…was pretty excellent.

I’m still recovering actually. The last couple days before the con were a madhouse of Kinkos trips, silkscreening, assembling minis, packing, and dealing with a host of last-minute annoyances. Did I mention that I was running on about five hours of sleep over the last three and a half days? I only finished the art for my new mini at around three in the morning the day we left. By 8am it was scanned, assembled, and the layouts printed out. At 10am I was at Kinkos copying up the book’s interior on their fancy new double-sided copier. Thankfully, Eleanor did all of the silkscreening for the covers for me. At 2pm Lance was in town and we grabbed some lunch in the downtown Roly Poly. Dean finally dragged his ass into town a little after 3. As soon as all of our stuff was loaded into the car (no mean feat,) we hit the road. Weirdly enough, I didn’t feel at all sleepy the entire drive.

Even though we were putting the hammer down the entire way, the drive still had that nice “road trip” flavor. Dean and Lance are almost polar opposites in their tastes in comics, but we all had our SCAD backgrounds in common. Around 8pm we tuned in to NPR for the presidential debate, and that provided more conversational fodder – although even Dean (the resident right-leaner) admitted that Kerry came out ahead.

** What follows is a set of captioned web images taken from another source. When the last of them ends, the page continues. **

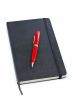 Black notebook and pen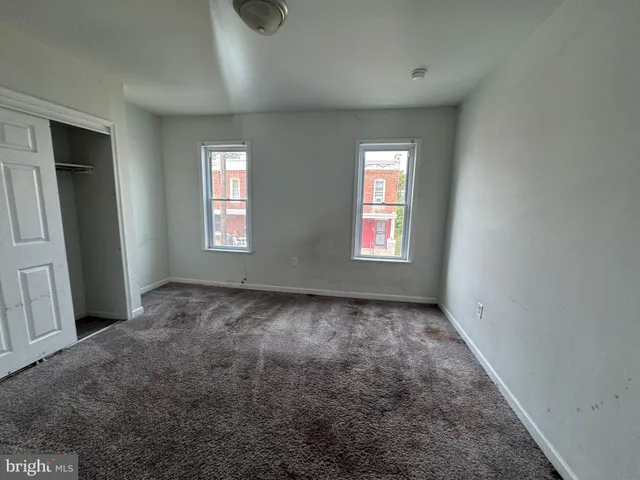 an empty room with windows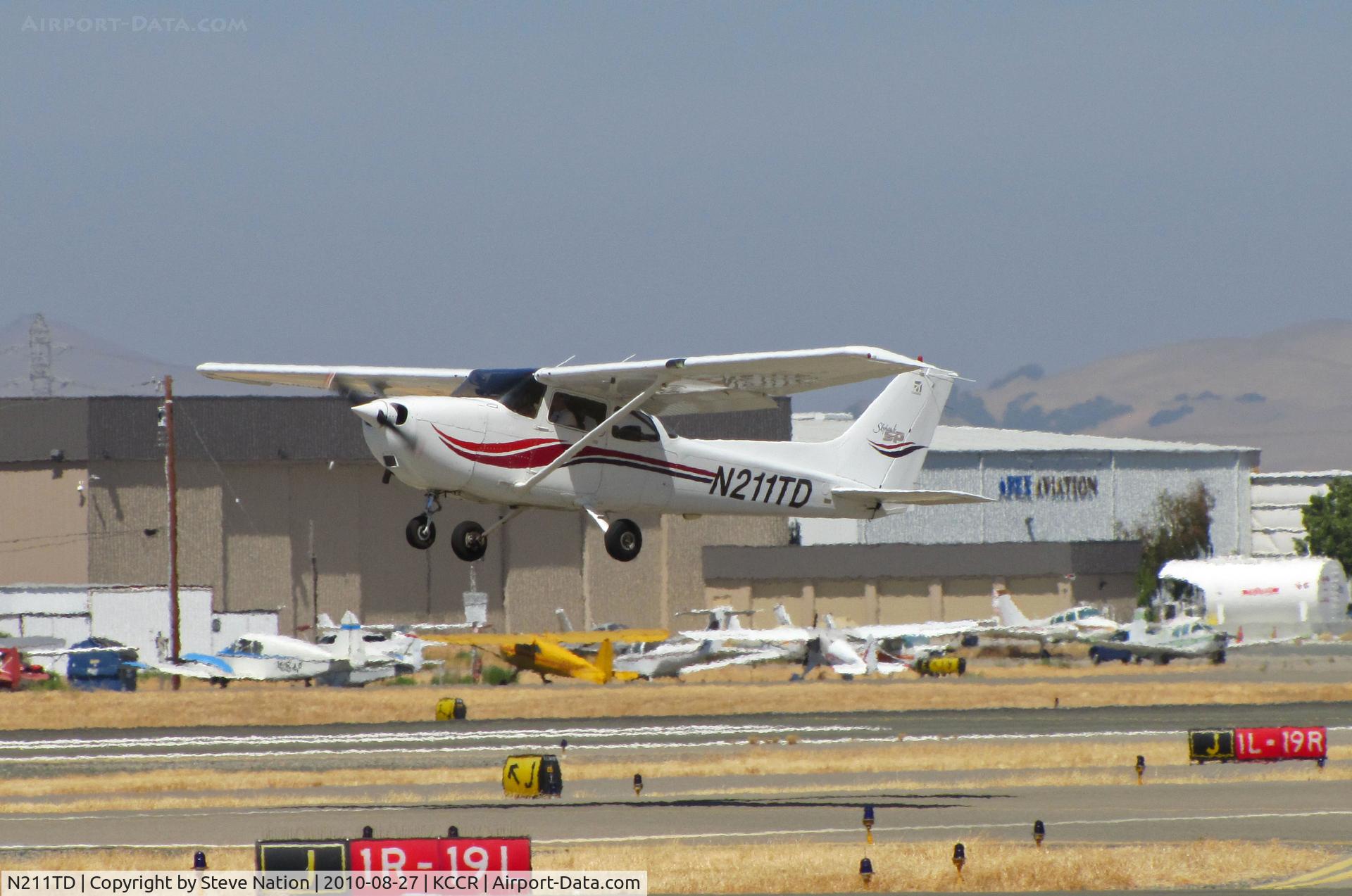 N211TD, 2000 Cessna 172S C/N 172S8524, Locally-based 2000 Cessna 172S climbs out from RWY19L at Buchanan Field with APEX Aviation hangar in background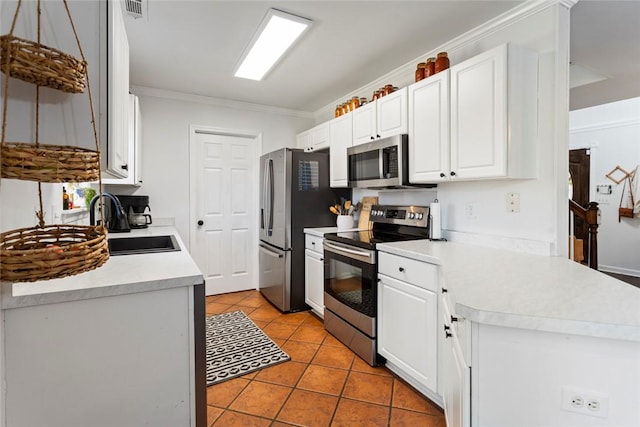 kitchen featuring light tile patterned flooring, a sink, stainless steel appliances, light countertops, and white cabinets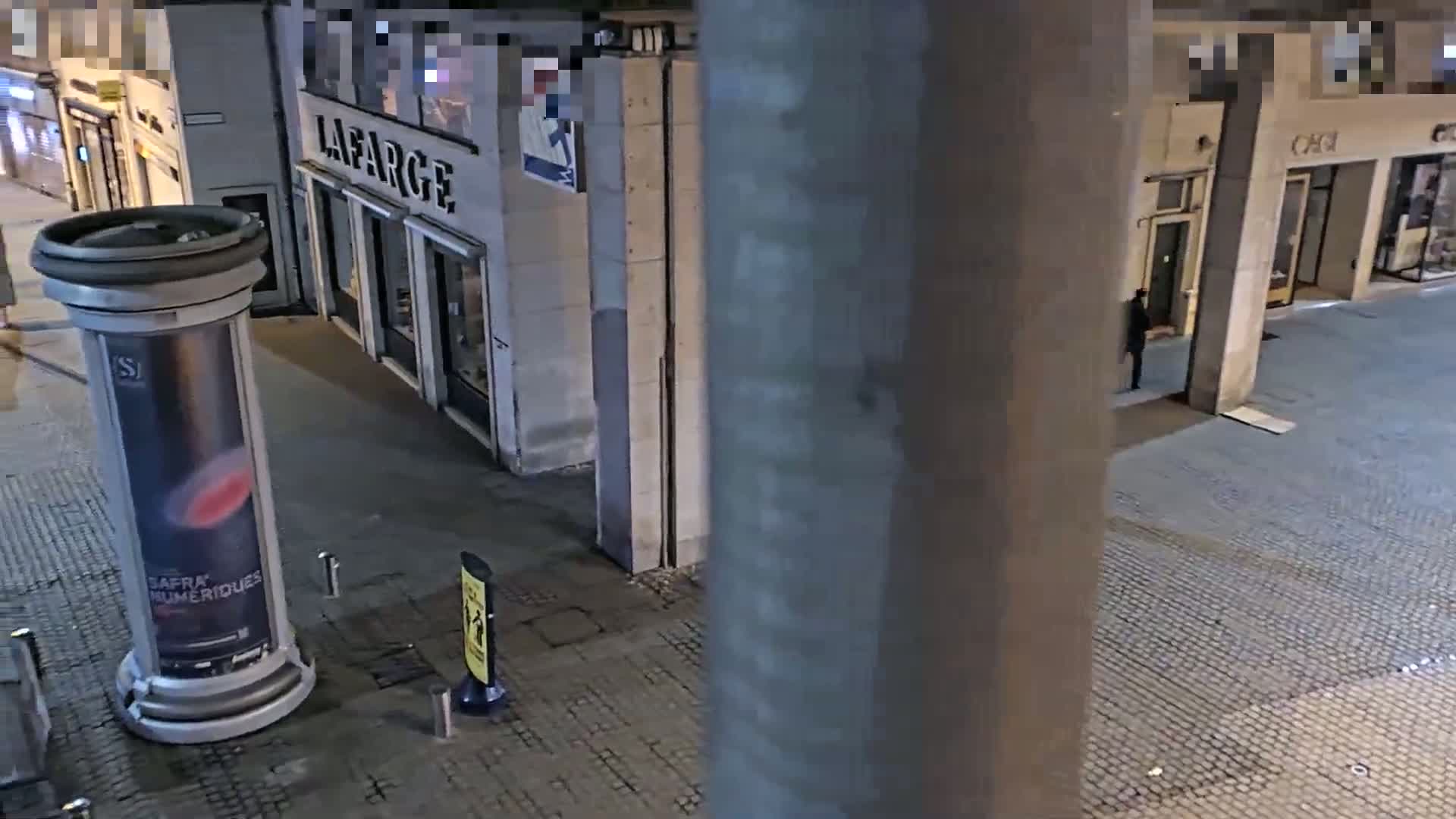 A nighttime, high-angle view shows a cobblestone street with several storefronts, a large advertisement pillar, and a lone pedestrian.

By the time we got into Bethesda, it was way past midnight. We met up with Erik in the lobby, and trucked our luggage up to our room on the 14th floor. Lance scurried off to meet up with

David Youngblood and his crowd. Eleanor came up with her own crew (David Yoder, Joey Weiser, and Adam Alard,) so I dropped in on their room for a bit. Then I headed back to our room, assembled a few minicomics and then crashed out in the armchair for a couple hours of sleep.

Next morning Rose showed up and I convinced her and Antar to set out and find some of the things we had forgotten in our half-assed flurry of preparation – things like a tablecloth, a disposable camera, a cash box, and some sort of table display. While they were gone, I used the few hours remaining before the Expo floor opened to make up some big “Failure” signs out of brown paper, ink, and whiteout. Did I mention we kind of half-assed it? But everything seemed to come together in time.